17 thoughts on “Going Solo? 10 Tips for Lone Travellers in Southeast Asia!”

  1. Been travelling solo since December SE Asia currently in cairns your never alone so easy to meet people and I’ve made pals from all over the world DO IT!

  2. Del Dinsdale

    Travelling alone is very good, sometimes yr lonely and on yr own depending on if you get a sociable hostal with a bar etc, but always remmember tommorow is another day and you can travel somewhere else, I was very scared going on my own but as soon as I arrived I realise the best way is to stay in hostals not hotels, even now if I had the choice between 5* and dorms it’s dorms all the way very good crack

  3. Jeff Bronson

    Alone, but…..I’m doing the digital nomad thing, and staying in apartments and using co-working spaces to get work done. So it’s unfortunately a far cry from the ‘never alone’ hostel packing tour when you stay a city for a couple of months at a time.

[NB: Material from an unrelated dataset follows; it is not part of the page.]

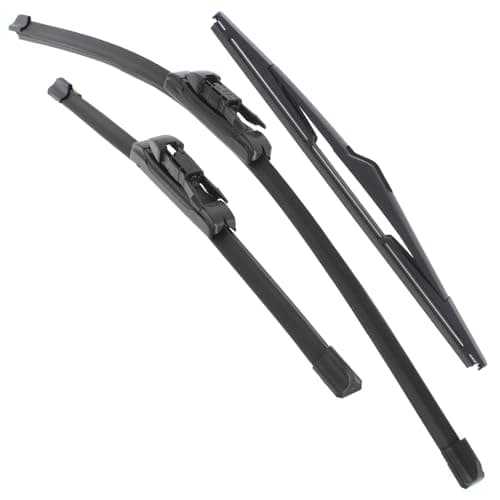 Image of XYZ Parts Front And Rear Windscreen Wiper Blades Set of 3 Compatible with Nissan Qashqai +2 J10 2007-2014 Replacement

  4. A World of Backpacking

    travelling solo is awesome! Did it for 6 months in 2011, a week in 2013 and then 2-2.5 month this year 🙂

  5. Edward Martin

    two people better 🙂 go crazy alone , have a good lady to cruz with and to share our experiences with ( or guy if your a lady ) safer also

  6. Alone. Do what I like when I like. I’ve been with friends and we all ended up going solo and doing our own thing, no rows or dramas, wise choice. Was great for all of us. Now I go everywhere solo, you’ll meet tons of people doing the same.

  7. Solo all the way! Made some life long friends I’d never of had time for if sharing with others

  8. i have done S.E.A 4 times, 3 of which venturing out on my own, the most recent was a 8 months trip in 2013 .. of that 8 months i was only ever truly on my own for .. maybe 4-5 weeks of it… and that was due to work commitments ( i was freelancing to pay for the trip ) .. i agree with most of the tips on here, the 1st is not necessary though. The most important one for me is the last one though.. 🙂 .. IMO

  9. Haha the moment when you make conversation with the person in the next bunk bed always involve a ‘Where you from?’ ‘How have you been travelling?’ ‘Where’s your next stop?’ If you feel like hanging out with another solo backpacker a ‘I’m gonna grab something to eat, wanna come?’ is a good icebreaker.

  10. I agree. Striking up a convo with a fellow backpacker has NEVER backfired. Especially if they are also alone.